Mental health and workplace experts say that while the lack of commute may feel like the silver lining to enforced working from home during the pandemic, our trips to and from the office have served an important role in our workday that we should try to replicate.

Author: Michelle Russell       


Whether you go for walk, ride your bike, or some other activity, experts suggest you do it regularly to mentally signal a transition between work and your personal life.

During my career, I’ve commuted by bus to mid-town Manhattan and driven to suburban offices. One of the things I’ve loved about working from home over the last two decades is the commute — from the kitchen with a mug of fresh coffee in my hand up the stairs to my desk. I’m sure that many people who have been forced to work from home during the pandemic miss a lot of things about being in an office but hitting the road to get there may not be one of them.

But a recent study reported in Organization Science says that there may be a downside to this lack of commute: We might be missing out on the opportunity to engage in something researchers call “role-clarifying prospection.” The trip to the office can be a chance to think about upcoming work tasks, the researchers said, and serve as a way to help us transition from our “home self” to our “work self” — which could be especially necessary now, as many are struggling to create boundaries between work and home responsibilities. A recent survey of more than 10,000 Americans by researchers at the Centre for Economic Policy Research found that more than a third were using their former commute times to work, putting in more hours than when they went to an office.

What we need to do to help establish boundaries, experts say, is to create a “fake commute.” “The walls between work and non-work have completely disappeared for us,” David Zweig, professor at the University of Toronto’s school of management told CTVNews.ca in late October. “So now we have to find ways, either psychologically or otherwise to try to build up those walls again.”

The Germans have a word that describes the reverse commute — the time after work is done and a period of leisure and rest begins: Feierabend. “Feierabend has two meanings,” Christoph Stengel, a software developer in Berlin, Germany, told the BBC. “First, it’s the moment you stop working for the rest of the day. … Second, it’s the part of the day between work and going to bed.”

“Most importantly,” the BBC article notes, “the concept of Feierabend acknowledges that work — and being in ‘work mode’ — places demands on a person from which regular relief is needed.”

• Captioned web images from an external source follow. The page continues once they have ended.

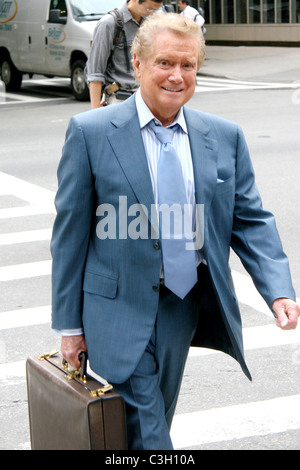 Regis Philbin talk show host fuori e circa a Manhattan mentre indossa una tuta blu di New York City, Stati Uniti d'America - 08.09.09 Ray Filmano / Foto Stock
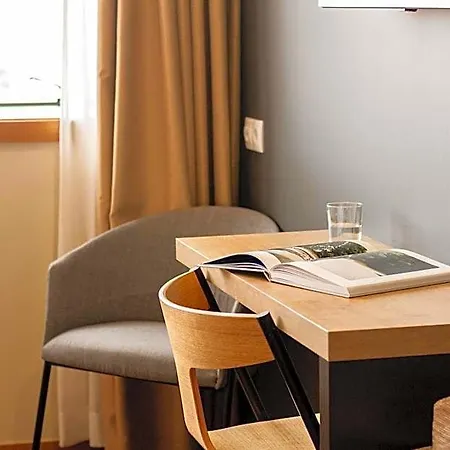 Select Hotell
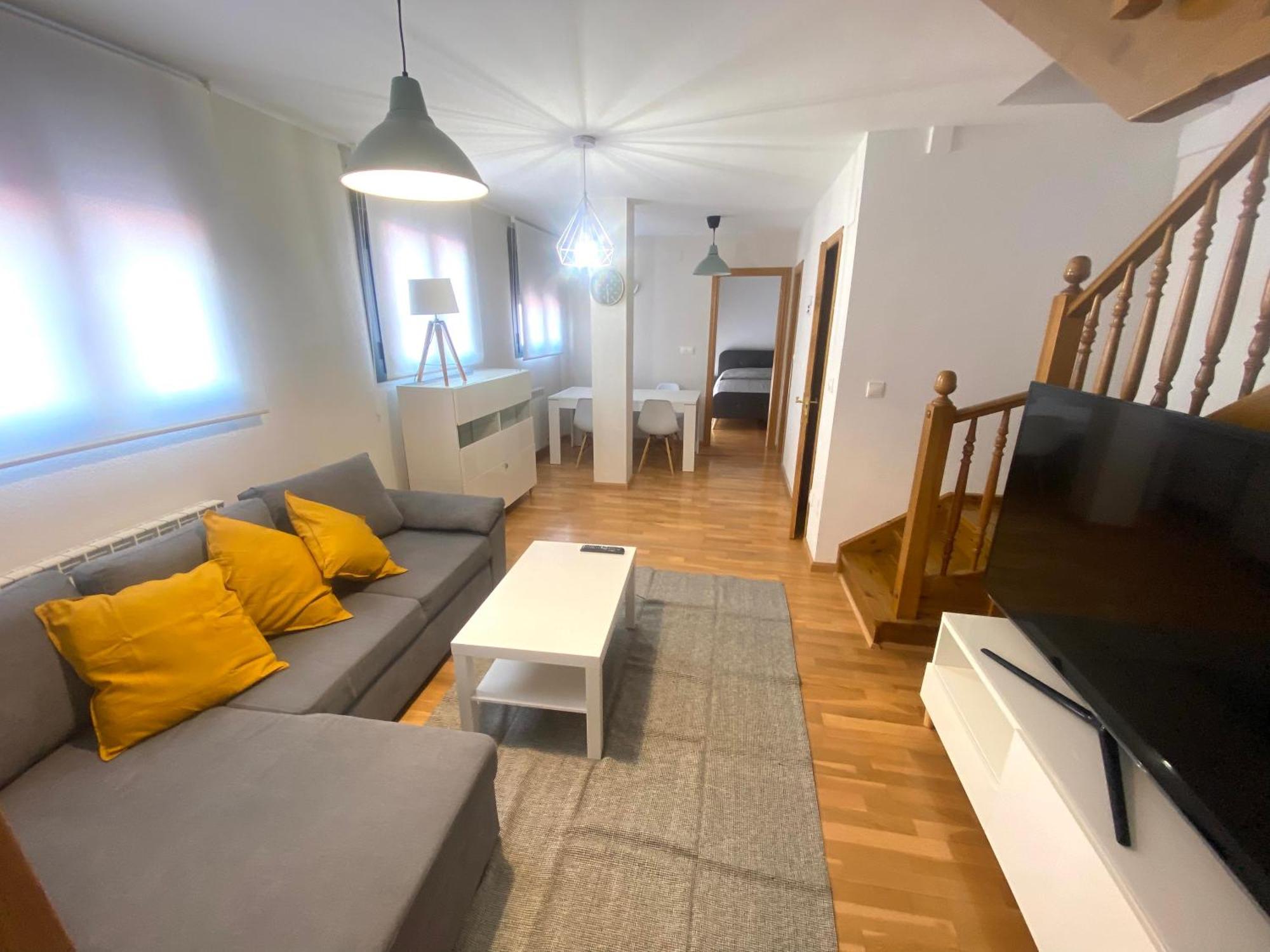 Apartamento Centrico Con Garaje Jaca Bagian luar foto
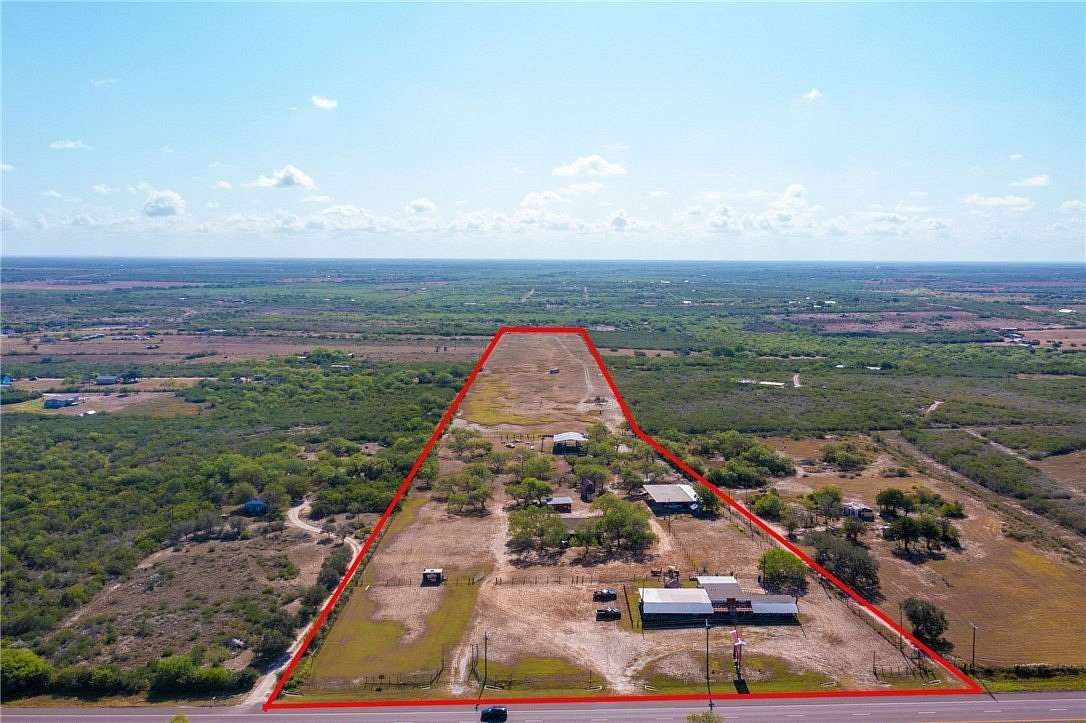 18.1 Acres of Improved Mixed-Use Land for Sale in Orange Grove, Texas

Whether it’s taking a walk around the block or going for a drive or bike ride — or simply changing your clothes — experts suggest you pick an activity or habit to mentally signal a transition between work and your personal life. Paula McLeod, founder of U.S.-based executive coaching firm Success by Design, has been recommending to clients during the pandemic to take similar measures. “People need something to replace the shift,” McLeod told the BBC, “that happens when they commute to and from the office.”

Michelle Russell is editor in chief of Convene.